__Task to complete__.
Apart from the pictures, reproduce the data below exactly as it stands.

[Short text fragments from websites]
================================

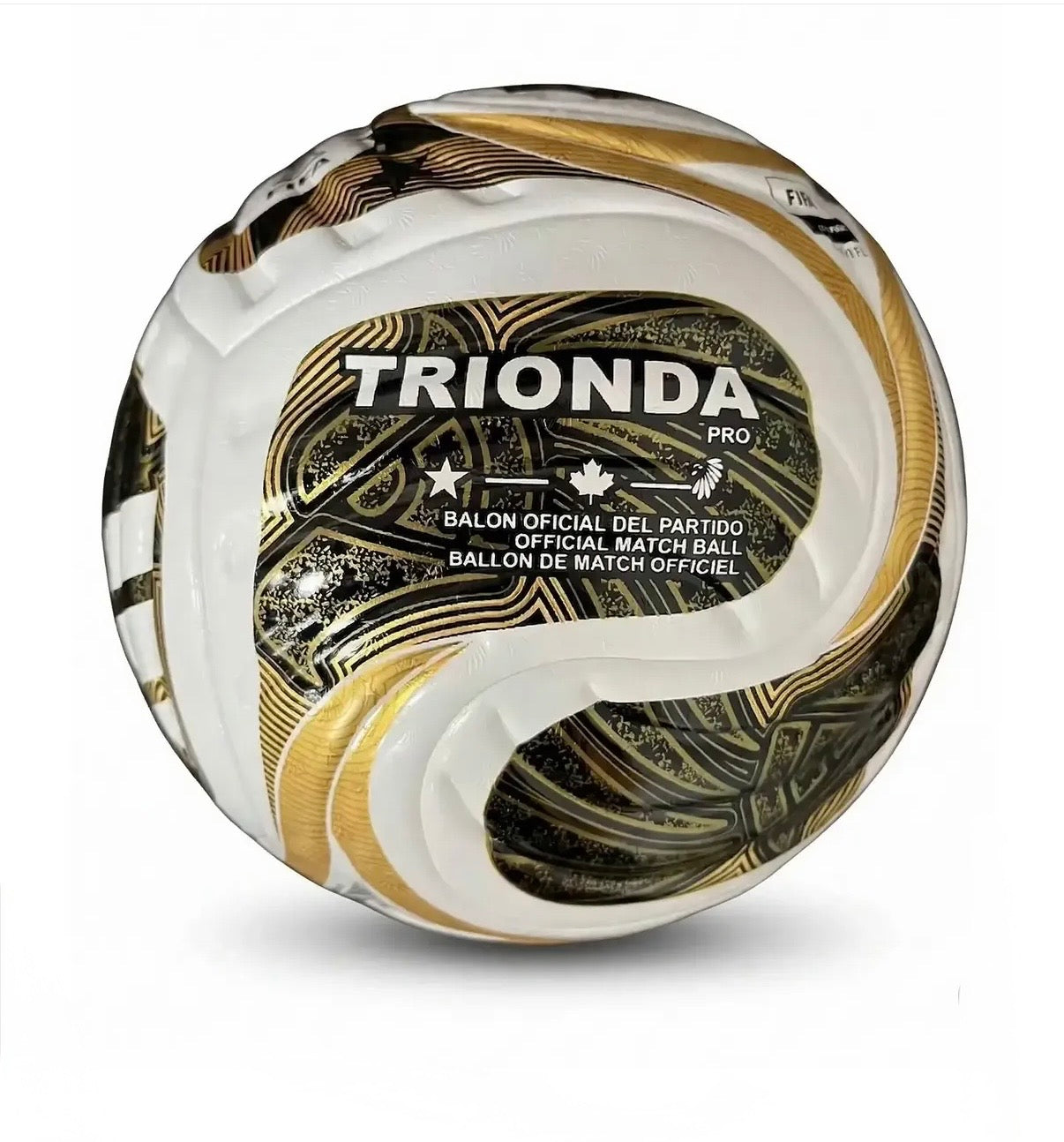 Trionda football World Cup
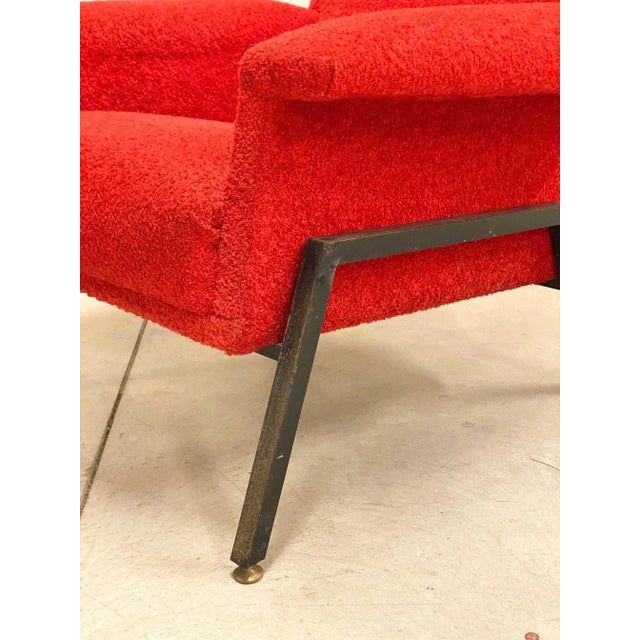 Mid-Century Armchair, 1960s For Sale - Image 13 of 18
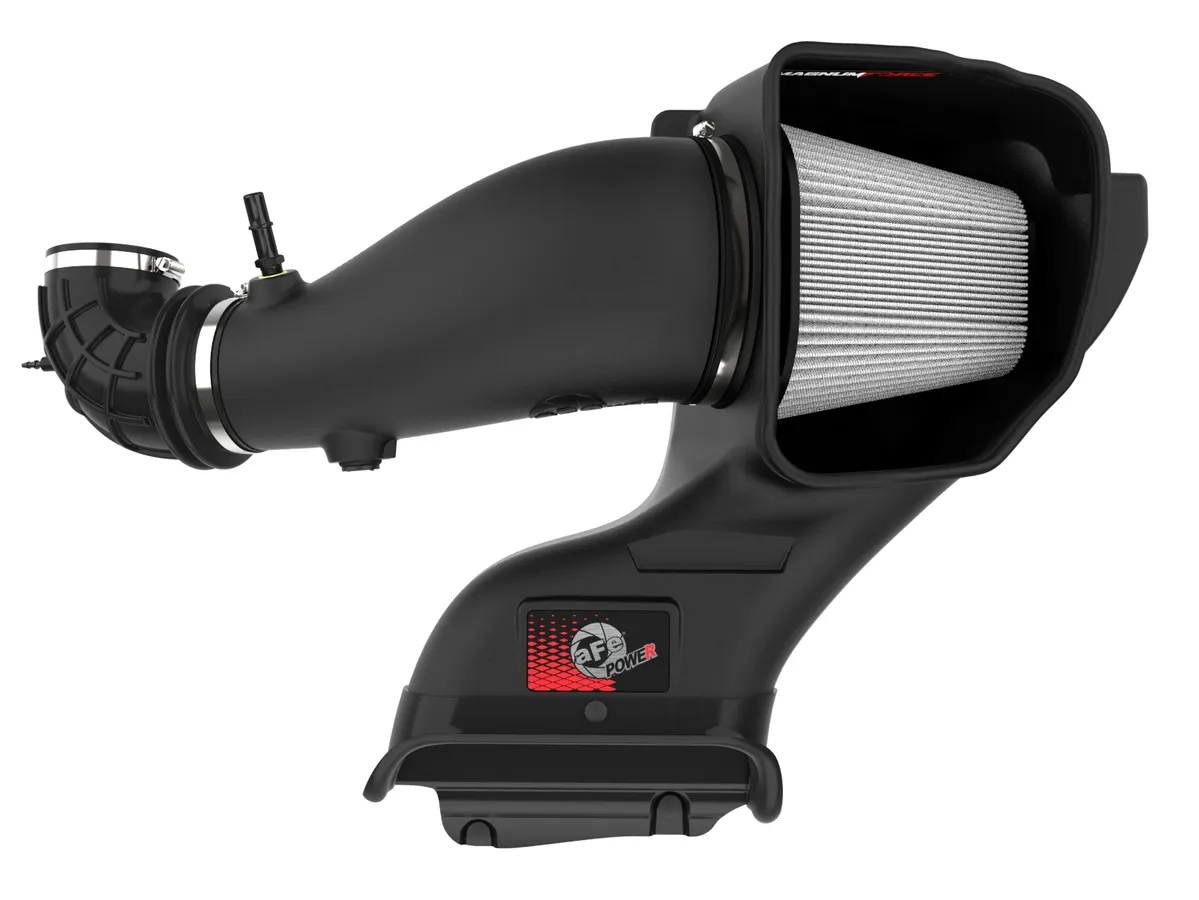 AFE Magnum FORCE Stage-2 Cold Air Intake System Ford F150 Raptor "R" 2023-Up - Image 6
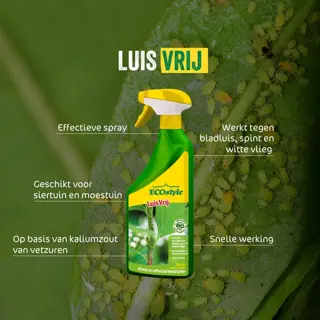 Ecostyle LuisVrij gebruiksklaar 750 ml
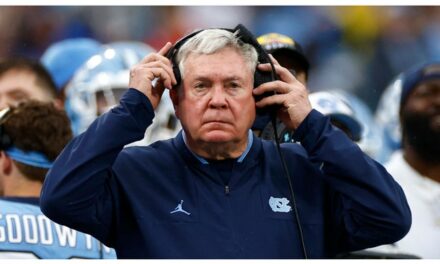 North Carolina Fires Mack Brown; Pressure Now On Tar Heels To Get New Hire Done Quickly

================================

__Answer to this task__.
 Trionda football World Cup
 Mid-Century Armchair, 1960s For Sale - Image 13 of 18
 AFE Magnum FORCE Stage-2 Cold Air Intake System Ford F150 Raptor "R" 2023-Up - Image 6
 Ecostyle LuisVrij gebruiksklaar 750 ml
 North Carolina Fires Mack Brown; Pressure Now On Tar Heels To Get New Hire Done Quickly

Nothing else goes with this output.